How do I correctly name ParseResults? - pyparsing

I like to name the entities in my grammar so I can access them using the as_dict() feature of ParseResults. But somehow it is not obvious to me where exactly I should "group" and "name" them. This often results in some kind of trial and error process.
To make more clear what I mean I tried to strip down the problem to a minimal example:
If we define an identifier that is labelled with "I" and holds the name of the identifier:
from pyparsing import *
identifier = Word(alphas,nums)
gid = Group(identifier("I"))
idg = Group(identifier)("I")
t=gid.parseString("x1")
print(t.as_dict(), t.as_list())
t=idg.parseString("x1")
print(t.as_dict(), t.as_list())
results in:
{} [['x1']]
{'I': ['x1']} [['x1']]
which suggests that I should first "Group" then "name" the identifier.
However if I use a sequence of these (named "P") it's vice versa, as this (continued) example shows:
prog= [
Group(ZeroOrMore(gid)).setResultsName("P"),
Group(ZeroOrMore(idg)).setResultsName("P"),
]
s = "x1 x2"
for i in range(0,len(prog)):
t=prog[i].parseString(s)
print(t.as_dict(), t.as_list())
for v in t.P:
print(v.as_dict(), t.as_list())
which outputs:
{'P': [{'I': 'x1'}, {'I': 'x2'}]} [[['x1'], ['x2']]]
{'I': 'x1'} [[['x1'], ['x2']]]
{'I': 'x2'} [[['x1'], ['x2']]]
{'P': {'I': ['x2']}} [[['x1'], ['x2']]]
{} [[['x1'], ['x2']]]
{} [[['x1'], ['x2']]]
Am I doing something wrong? Or did I just misunderstand named results?
Cheers,
Alex

Welcome to pyparsing!
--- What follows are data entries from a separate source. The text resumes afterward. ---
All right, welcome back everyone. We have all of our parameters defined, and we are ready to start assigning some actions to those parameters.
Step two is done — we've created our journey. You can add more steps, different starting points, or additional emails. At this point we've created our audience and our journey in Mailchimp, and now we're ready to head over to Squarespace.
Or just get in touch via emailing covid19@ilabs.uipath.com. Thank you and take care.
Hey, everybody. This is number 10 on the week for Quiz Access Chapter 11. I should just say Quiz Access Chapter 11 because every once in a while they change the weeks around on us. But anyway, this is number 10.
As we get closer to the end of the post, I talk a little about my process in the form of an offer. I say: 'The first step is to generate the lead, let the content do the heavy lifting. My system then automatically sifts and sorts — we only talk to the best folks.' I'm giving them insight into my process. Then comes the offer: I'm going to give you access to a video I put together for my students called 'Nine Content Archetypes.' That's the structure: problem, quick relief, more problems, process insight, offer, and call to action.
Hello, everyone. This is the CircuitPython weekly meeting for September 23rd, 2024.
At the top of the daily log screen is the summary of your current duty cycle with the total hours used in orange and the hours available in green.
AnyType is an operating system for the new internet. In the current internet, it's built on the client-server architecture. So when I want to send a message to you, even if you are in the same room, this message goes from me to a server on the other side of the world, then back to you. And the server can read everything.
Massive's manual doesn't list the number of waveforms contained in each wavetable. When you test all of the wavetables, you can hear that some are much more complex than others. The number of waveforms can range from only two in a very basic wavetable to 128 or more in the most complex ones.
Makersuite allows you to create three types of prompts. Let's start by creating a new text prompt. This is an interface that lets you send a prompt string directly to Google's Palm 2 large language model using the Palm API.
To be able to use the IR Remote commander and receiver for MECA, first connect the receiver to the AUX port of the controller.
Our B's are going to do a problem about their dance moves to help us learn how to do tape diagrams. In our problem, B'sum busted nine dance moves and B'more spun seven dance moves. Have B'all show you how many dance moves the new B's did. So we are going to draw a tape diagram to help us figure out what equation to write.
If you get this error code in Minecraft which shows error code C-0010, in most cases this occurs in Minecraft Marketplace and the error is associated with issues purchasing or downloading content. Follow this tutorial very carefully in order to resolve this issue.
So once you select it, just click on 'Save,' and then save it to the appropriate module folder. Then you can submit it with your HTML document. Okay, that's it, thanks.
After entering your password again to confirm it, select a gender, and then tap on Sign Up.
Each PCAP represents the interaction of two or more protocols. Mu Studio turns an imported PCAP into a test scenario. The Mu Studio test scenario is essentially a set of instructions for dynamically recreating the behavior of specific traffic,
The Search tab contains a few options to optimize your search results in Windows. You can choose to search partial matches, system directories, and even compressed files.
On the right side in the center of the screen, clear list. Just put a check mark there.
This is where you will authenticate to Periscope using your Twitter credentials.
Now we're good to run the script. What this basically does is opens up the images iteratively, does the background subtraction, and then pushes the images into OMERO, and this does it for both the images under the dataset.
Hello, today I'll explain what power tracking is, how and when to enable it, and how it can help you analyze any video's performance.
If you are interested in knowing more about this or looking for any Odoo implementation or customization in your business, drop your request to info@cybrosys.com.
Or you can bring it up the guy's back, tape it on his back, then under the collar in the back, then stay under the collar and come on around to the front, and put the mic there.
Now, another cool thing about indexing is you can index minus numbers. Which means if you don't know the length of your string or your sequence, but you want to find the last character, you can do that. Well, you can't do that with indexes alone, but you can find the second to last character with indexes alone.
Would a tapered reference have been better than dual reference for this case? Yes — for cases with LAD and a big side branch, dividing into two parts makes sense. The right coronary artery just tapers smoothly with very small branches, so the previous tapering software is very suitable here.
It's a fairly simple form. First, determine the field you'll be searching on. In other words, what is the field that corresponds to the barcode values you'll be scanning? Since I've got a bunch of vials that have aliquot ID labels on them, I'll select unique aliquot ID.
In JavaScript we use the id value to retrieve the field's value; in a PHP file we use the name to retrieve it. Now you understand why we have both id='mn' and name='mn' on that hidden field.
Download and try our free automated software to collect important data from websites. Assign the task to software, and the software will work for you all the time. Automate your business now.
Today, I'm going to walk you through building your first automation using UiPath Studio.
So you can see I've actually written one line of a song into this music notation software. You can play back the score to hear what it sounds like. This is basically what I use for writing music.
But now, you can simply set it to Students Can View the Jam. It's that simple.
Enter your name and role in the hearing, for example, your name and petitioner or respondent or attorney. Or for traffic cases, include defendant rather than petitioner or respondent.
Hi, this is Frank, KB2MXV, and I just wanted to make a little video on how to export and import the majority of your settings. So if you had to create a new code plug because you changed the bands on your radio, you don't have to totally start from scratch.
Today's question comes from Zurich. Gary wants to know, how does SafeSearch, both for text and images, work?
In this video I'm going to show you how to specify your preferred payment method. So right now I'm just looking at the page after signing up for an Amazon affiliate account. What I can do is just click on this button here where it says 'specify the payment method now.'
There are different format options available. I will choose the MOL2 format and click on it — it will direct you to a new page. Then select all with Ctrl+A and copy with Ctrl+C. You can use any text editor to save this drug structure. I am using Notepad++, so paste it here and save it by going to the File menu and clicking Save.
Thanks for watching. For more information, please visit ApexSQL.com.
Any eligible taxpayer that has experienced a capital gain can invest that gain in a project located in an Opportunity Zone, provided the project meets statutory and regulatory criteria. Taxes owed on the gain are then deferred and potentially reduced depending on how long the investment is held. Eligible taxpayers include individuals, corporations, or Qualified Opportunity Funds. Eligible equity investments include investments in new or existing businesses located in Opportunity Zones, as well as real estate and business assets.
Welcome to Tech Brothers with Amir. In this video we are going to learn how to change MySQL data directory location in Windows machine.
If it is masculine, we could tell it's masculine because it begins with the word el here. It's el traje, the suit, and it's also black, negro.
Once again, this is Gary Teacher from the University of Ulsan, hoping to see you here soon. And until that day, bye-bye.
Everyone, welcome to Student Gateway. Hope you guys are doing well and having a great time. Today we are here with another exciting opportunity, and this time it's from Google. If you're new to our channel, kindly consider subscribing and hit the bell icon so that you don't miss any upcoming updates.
Grouping and results names are really important features to get a good understanding of, for making parsers with useful results, so it's great that you are learning these basics.
I had suggested using create_diagram() to better see the structure and the names for these expressions. But they are almost too simple for the diagrams to really show much. As you work with pyparsing further, you might come back to using create_diagram to make parser railroad diagrams for your pyparsing parsers.
Instead, I replicated your steps, but instead of using results.as_dict() and results.as_list() (where results is the pyparsing ParseResults value returned from calling parse_string()), I used another visualizing method, results.dump(). dump() prints out results.as_list(), followed by an indented list of the items by results name, and then by sub-lists. I think dump() will show a little better how names and groups work in your expressions.
One of the main points is that as_dict() will only walk named items. If you had an expression for two identifiers like this (where only one expression has a results name:
two_idents = identifier() + identifier("final")
Then print(two_idents.parse_string("x1 x2").as_list()) will print:
['x1', 'x2']
But print(two_idents.parse_string("x1 x2").as_dict()) will only show:
{"final": "x2"}
because only the second item has a name. (This would even be the case if the unnamed item was a group containing a sub-expression with a results name. as_dict() only walks items with results names, so the unnamed containing group would be omitted.)
Here's how dump() would display these:
['x1', 'x2']
- final: 'x2'
It shows that a list view of the results has 'x1' and 'x2', and there is a top-level results name 'final' that points to 'x2'.
Here is my annotated version of your code, and the corresponding as_dict() and dump() output from each:
from pyparsing import *
identifier = Word(alphas, nums)
# group an expression that has a results name
gid = Group(identifier("I"))
# group an unnamed expression, and put the results name on the group
idg = Group(identifier)("I")
# groups with the results name "P" on the outer group
prog0 = Group(ZeroOrMore(gid)).setResultsName("P")
prog1 = Group(ZeroOrMore(idg)).setResultsName("P")
# pyparsing short-cut for x.set_name("x") for gid, idg, prog0, and prog1
autoname_elements()
s = "x1 x2"
for expr in (gid, idg, prog0, prog1):
print(expr) # prints the expression name
result = expr.parse_string(s)
print(result.as_dict())
print(result.dump())
print()
Gives this output:
gid
{}
[['x1']]
[0]:
['x1']
- I: 'x1'
idg
{'I': ['x1']}
[['x1']]
- I: ['x1']
[0]:
['x1']
prog0
{'P': [{'I': 'x1'}, {'I': 'x2'}]}
[[['x1'], ['x2']]]
- P: [['x1'], ['x2']]
[0]:
['x1']
- I: 'x1'
[1]:
['x2']
- I: 'x2'
[0]:
[['x1'], ['x2']]
[0]:
['x1']
- I: 'x1'
[1]:
['x2']
- I: 'x2'
prog1
{'P': {'I': ['x2']}}
[[['x1'], ['x2']]]
- P: [['x1'], ['x2']]
- I: ['x2']
[0]:
['x1']
[1]:
['x2']
[0]:
[['x1'], ['x2']]
- I: ['x2']
[0]:
['x1']
[1]:
['x2']
Explanations:
gid is an unnamed group containing a named item. Since there is no top-level named item, as_dict() returns an empty dict.
idg is a named group containing an unnamed item. as_dict() returns a dict with the outer with the single item 'x1'
prog0 is 0 or more unnamed groups contained in a named group. Each of the contained groups has a named item.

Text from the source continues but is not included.